There is no denying the fact that putting wood into a warm / dry environment will speed up its drying time.

However, here is an example of why I do not suggest doing this in one's home or basement.

This was a perfect ash tree that I dropped Jan of 2010 to widen a roadway at a buddies cabin.  This tree was completely healthy w/ no rot.  The tree was cut into rounds, and stacked where it sat until Aug when I split, then stacked it again.  I just moved the wood pile (yes, stacked again) it was in the other day and decided to take a picture of one of the splits.

Bark borers (these were not the emerald ash kind but bark borers none the less) attack this species of wood as soon as it is cut and begin feasting.  Later on these little buggers emerge and there are a lot of them.  Since this wood was outside no-harm-no-foul.  However, if this wood were in the basement you'd have 100,000's of these covering every window sill and light bulb in the house (don't ask me how I know  :shut: ).
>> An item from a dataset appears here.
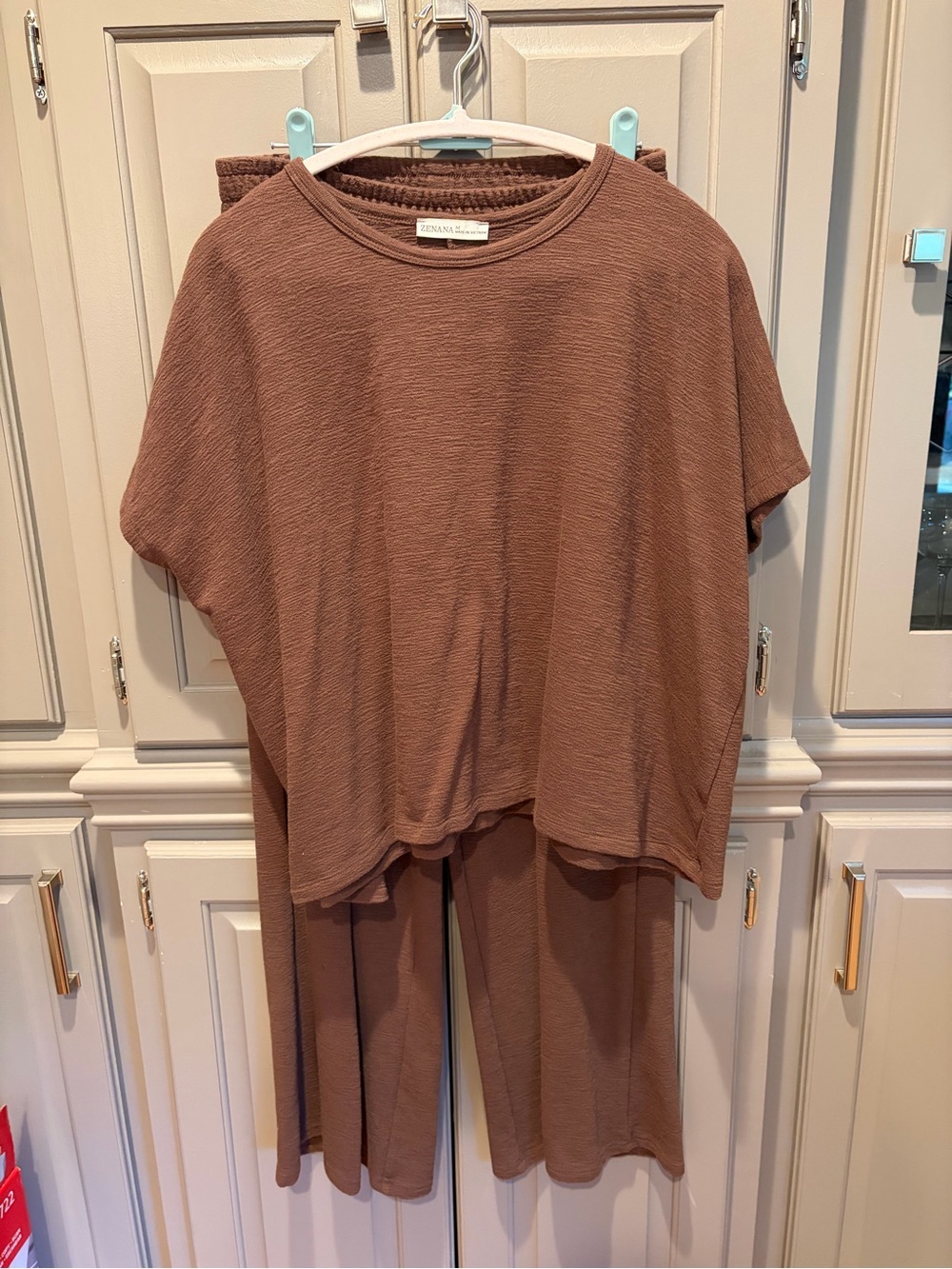 Zenana Outfitters Brown Pants Set - Picture 2 of 8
These are common with ash in my area and do not hurt the live tree nor will they feast upon any dried wood on your home.  All in all they are a nuisance, and a damn good one at that.  There are so many that came out of just this one split that it would almost appear that I shot it w/ a shot gun.  Now, multiply that by a facecord or cord or whatever huge amount that is stored in a basement and I hope you have a good shop vac that you enjoy using.
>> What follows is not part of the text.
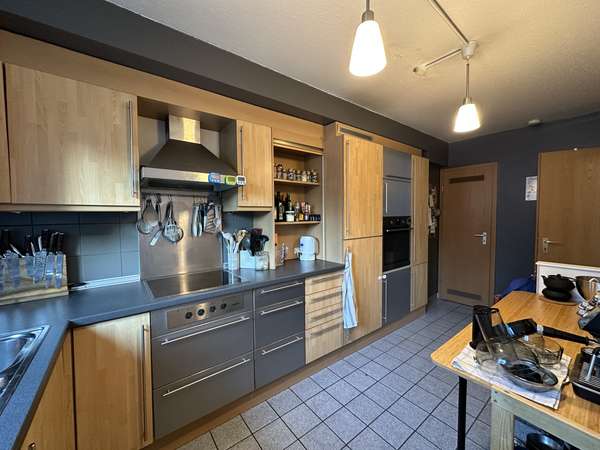 Schöne Maisonette Wohnung mit großer Terrasse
Point is, unseasoned firewood = food source to many things.  Let the drying happen outside and you greatly reduce your risk of having an infestation of any kind in your home as a result of the firewood.



























pen


----------



## skyline (Mar 23, 2011)

Part of the fun of this forum is learning what "seasoned" folks do in other parts of the country, some techniques work well most everywhere and some not so much. I'm hoping to build the warmer, drier greenhouse type of wood shed since our NW climate really slows drying for more than half the year and I think the green house will speed up drying significantly plus I can get farther ahead if I'm not having to move my wood from seasoning stack to storage stack. I'm with you about not wanting extra critters in my house, I don't have room inside anyway, and besides the occasional yellow jack we don't have too much problem in the way of pests around here. 
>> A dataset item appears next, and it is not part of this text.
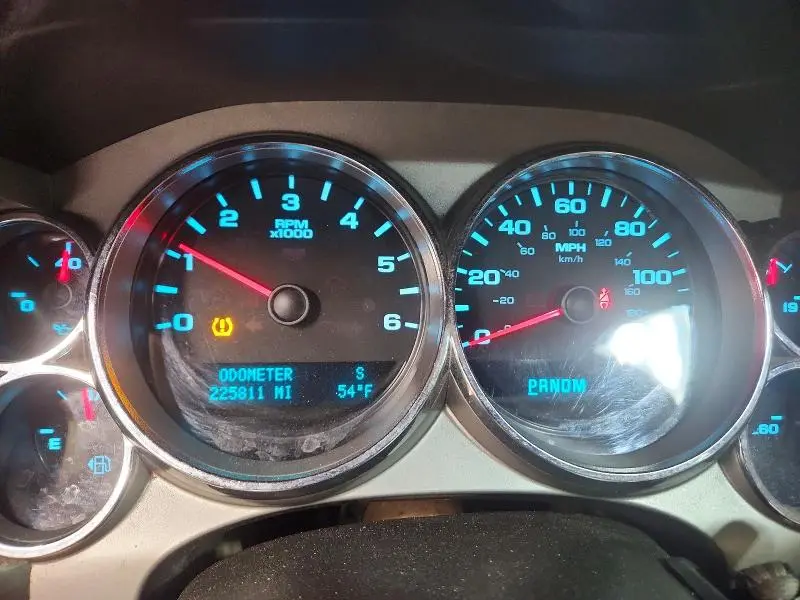 2011 CHEVROLET SILVERADO K1500 LT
As a side note, my father-in-law has a dedicated wood room in his house where he can store 8 cords next to his wood burning furnace. Every piece of wood I measured that had been in there for 2 months measured 0% on the moisture meter. That doesn't mean it was 0% throughout the split but plenty dry enough to burn. And once he splits his wood and throws it in his room, he only has to stack it once. That's what I'm shooting for.


----------



## billb3 (Mar 23, 2011)

Those buggers are supposedly why the  joists in my basement are all tarred.


----------



## NH_Wood (Mar 23, 2011)

Wonder if you have powder post beetle larvae Pen - I had 4 cord of white ash or so for this current season that was simply LOADED with the holes and powder - quite a mess - your holes seem a little larger though. Cheers!


----------



## Backwoods Savage (Mar 24, 2011)

Ya, I do not think that is from the PPB as you say, the holes are too big and there is not the typical sawdust pile by the holes. 


Thanks for posting that Pen and I could not agree with you more. It also is the reason I don't want wood stored in my house. If the wood comes in the house, it should go right into the stove.


----------



## pen (Mar 24, 2011)

remember, I carried this in from outside.  There was very fine saw dust all over but not once it was ready to pose after being thrown around.

I had the beetle identified a few years back and it wasn't the powder post, damn if i can remember the name now for sure but I think they were called "shot hole borers"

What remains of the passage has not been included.